Improvements to the pre-purchase experience include making it easier to find and discover products and making it easy to purchase. Our post purchase efforts remain focused on improving fulfillment speed and enhancing customer service capability to resolve issues quickly, as well as intercepting and preventing issues from occurring. I will now turn the call to Ben to discuss our store experience.

Ben Knighten : Thanks Bill. Our store culture is sales focused. The last two years, we’ve focused on developing and implementing tools to drive that culture. This includes investing heavily in creating a true mobile experience for both our consumers and our associates. Our store level infrastructure and systems required an overhaul to go mobile. This included ensuring every store had high speed internet, WiFi, multiple mobile devices and the apps required to deliver on that experience. The investments were significant, but were also required to achieve increased sales while lowering operating costs over time. The mobile environment enables process improvements to both customer facing and non-facing tasks. We’ve reengineered the way we operate.

This includes not only what tasks are done, but also how they are completed. Most importantly, we’ve redefined how we interact with the consumer on the sales floor. The things Bill mentioned about driving the e-commerce business also hold true for the in-store consumer. The investments we made allow associates to leverage the inventory process supply chain. They also improve the conversion rate, which lead to an improved consumer experience. This year is a payoff year. Much of the costs were front loaded. Now we can begin to leverage these investments. The productivity gains will allow us to take costs out of our model while improving our best-in-class omni-channel experience. I will now turn the call back to Bob to discuss our guidance.

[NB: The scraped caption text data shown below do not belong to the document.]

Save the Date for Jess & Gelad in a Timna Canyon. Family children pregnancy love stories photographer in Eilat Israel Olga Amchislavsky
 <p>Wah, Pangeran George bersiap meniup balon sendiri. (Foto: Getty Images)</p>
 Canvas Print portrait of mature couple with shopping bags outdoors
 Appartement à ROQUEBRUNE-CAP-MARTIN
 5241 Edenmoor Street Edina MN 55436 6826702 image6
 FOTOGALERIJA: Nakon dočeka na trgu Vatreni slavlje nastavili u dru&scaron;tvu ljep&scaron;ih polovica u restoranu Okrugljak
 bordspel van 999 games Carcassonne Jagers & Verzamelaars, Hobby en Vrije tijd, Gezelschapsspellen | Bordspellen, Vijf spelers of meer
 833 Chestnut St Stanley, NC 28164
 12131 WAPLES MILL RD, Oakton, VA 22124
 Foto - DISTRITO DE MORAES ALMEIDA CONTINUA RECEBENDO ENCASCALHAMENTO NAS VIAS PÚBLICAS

Bob Volke : Thanks, Ben. The business outlook for fiscal ’24 is complex and constantly evolving. There are a number of challenges considered, but also a handful of tailwinds that will help to mitigate these headwinds as noted on slide 11. Inflation has a broad impact not only on consumer sentiment and spending patterns, but also contributes to operating cost increases in the form of wage pressure and higher prices paid for goods and services. We expect the promotional environment to be more significant than in fiscal €˜23 and we’ll be dealing with higher costs of borrowing and some intermittent lingering supply change disruptions throughout the year. On the flip side, low unemployment and higher wages provides consumers with more purchasing power.

We feel our inventory assortment has become much healthier in the past several months, and the unique and hard to find products we offer is expected to attract more customers to our stores and website. In addition, investments in store development, the customer experience and to back office infrastructure will begin to yield operating cost leverage as we move forward. Slide 12 summarizes fiscal 2024 guidance. Total net sales for the full year, including the impact of the 53rd week, are anticipated to increase mid-single digits compared to our fiscal 2023 results. The 53rd week is expected to be approximately 1% of full year sales. We anticipate full year sales will break down as follows: Approximately 26% in the first quarter, approximately 22% in the second quarter, approximately 24% in the third quarter, and approximately 28% in the fourth quarter.